As to why Gluster is adding support for Hadoop now, Periasamy noted there are a number of reasons. He noted that what is happening in the market is that the entire stack is converging. Previously there were pools of storage like SAN and NAS and each one was tailored for specific types of applications.
"We see that object storage is emerging now as another alternative to storing long term unstructured data," Periasamy said. "We are now able to easily scale up and access storage across the Internet."
In terms of HDFS and Hadoop, Periasamy noted that with Hadoop there is data and then there are applications. He explained that using the Hadoop MapReduce framework, a whole bunch of applications are now enabled and it's growing into a powerful ecosystem.
"The storage engine was initially written just to handle certain workloads," Periasamy said. "The metadata server is also a hard bottleneck."
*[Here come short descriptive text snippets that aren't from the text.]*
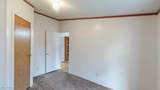 6764 Sumner Road - Photo 22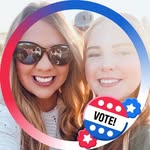 Crystal Stine - @crystal.johnson.3557 - Instagram
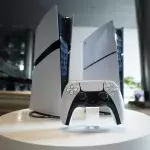 PS6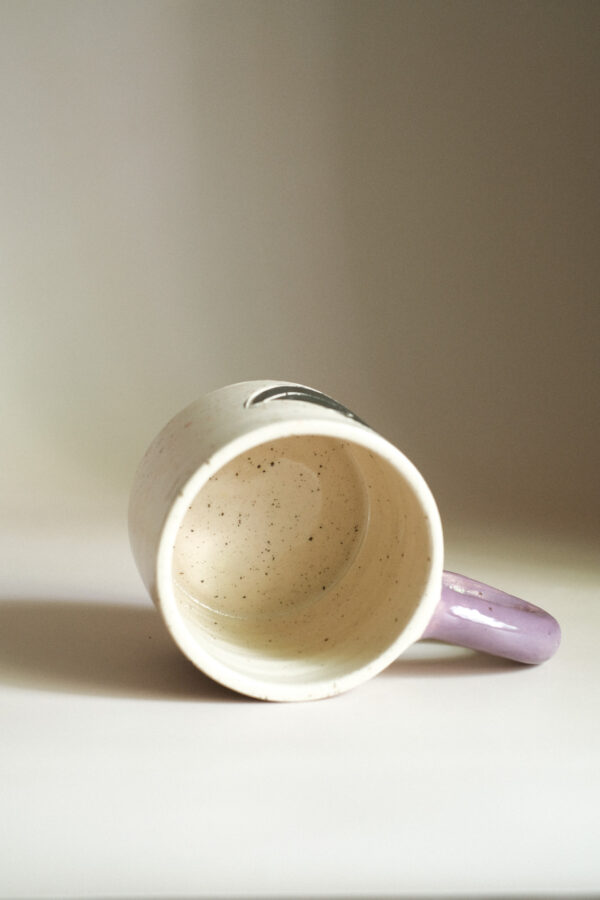 kubek-ceramiczny-handmade-093 kubek-ceramiczny-handmade-093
He explained that with HDFS metadata. all the metadata has to be centrally stored in a single system's memory, which is a performance bottleneck for scale-out. In contrast, Periasamy noted that Gluster already has a powerful storage engine with no such metadata bottleneck.
"We addressed the big data market from the storage perspective," Periasamy said, "The Hadoop project addressed the big data problem from the analytics perspective."
As such, in Periasamy's view it makes perfect sense for the Hadoop community to collaborate with Gluster taking advantage of the big data storage backend. He explained that Hadoop itself was already modular enough to enable the Gluster filesystem to plug into it as well.
Additionally Periasamy noted that Gluster has a replication model that enables better geographical scale-out possibilities for Hadoop. Periasamy explained that Gluster has a geo-replication module that keeps multiple sites in sync. The replication model does not rely on snapshots, rather it synchronizes data that changes.
"We have the ability to synchronize the bits when they change and that enables us to have a continuous geographic replication," Periasamy said.
Moving forward Periasamy said that geo-replication will continue to be enhanced in the next release of Gluster as well.
"In GlusterFS 3.4 we will enable you to have active failover from one site to another," Periasamy said.